The motivation of the direction was to make a range analysis helpful for assuring dereferenceability.
Even if a range analysis concludes that its offset is within bounds, the offset could still be partially undefined; to utilize the range analysis, this relaxation was necessary.
https://groups.google.com/g/llvm-dev/c/2Qk4fOHUoAE/m/KcvYMEgOAgAJ has more context about this.

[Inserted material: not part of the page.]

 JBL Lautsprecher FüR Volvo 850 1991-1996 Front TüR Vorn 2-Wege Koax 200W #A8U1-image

However, this is currently blocking another optimization, which is annotating the noundef attribute for library functions' arguments. D95122 <https://reviews.llvm.org/D95122> is the patch.
Currently, there are quite a few library functions which cannot have noundef attached to its pointer argument because it can be transformed from load/store.
For example, MemCpyOpt can convert stores into memset:

  store p, i32 0
  store (p+1), i32 0 // Since currently it is allowed for store to have partially undefined pointer..
  ->
  memset(p, 0, 8)    // memset cannot guarantee that its ptr argument is noundef.

A bigger problem is that this makes unclear which library functions are allowed to have 'noundef' and which functions aren't (e.g., strlen).
This makes annotating noundef almost impossible for this kind of functions.

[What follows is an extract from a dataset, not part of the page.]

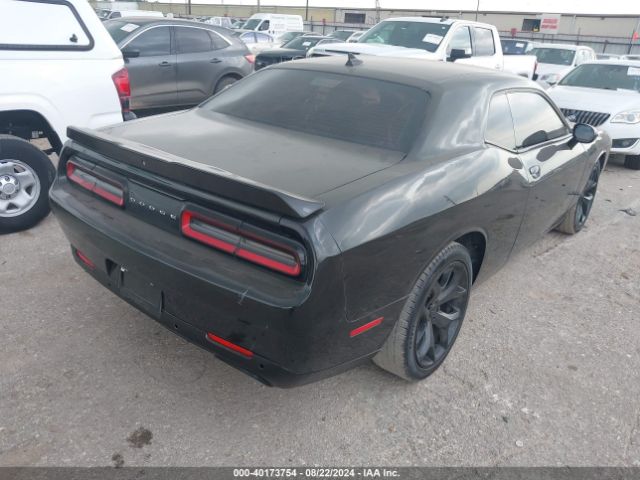 2C3CDZAG6GH326106 Dodge Challenger Sxt Plus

This patch proposes that all memory operations should have well-defined pointers.
For memset/memcpy, it is semantically equivalent to running a loop until the size is met (and branching on undef is UB), so the size is also updated to be well-defined.

Strictly speaking, this again violates the implication of dereferenceability from range analysis result.
However, I think this is okay for the following reasons:

1. It seems the existing analyses in the LLVM main repo does not have conflicting implementation with the new proposal.

`isDereferenceableAndAlignedPointer` works only when the GEP offset is constant, and `isDereferenceableAndAlignedInLoop` is also fine.

2. A possible miscompilation happens only when the source has a pointer with a *partially* undefined offset (it's okay with poison because there is no 'partially poison' value).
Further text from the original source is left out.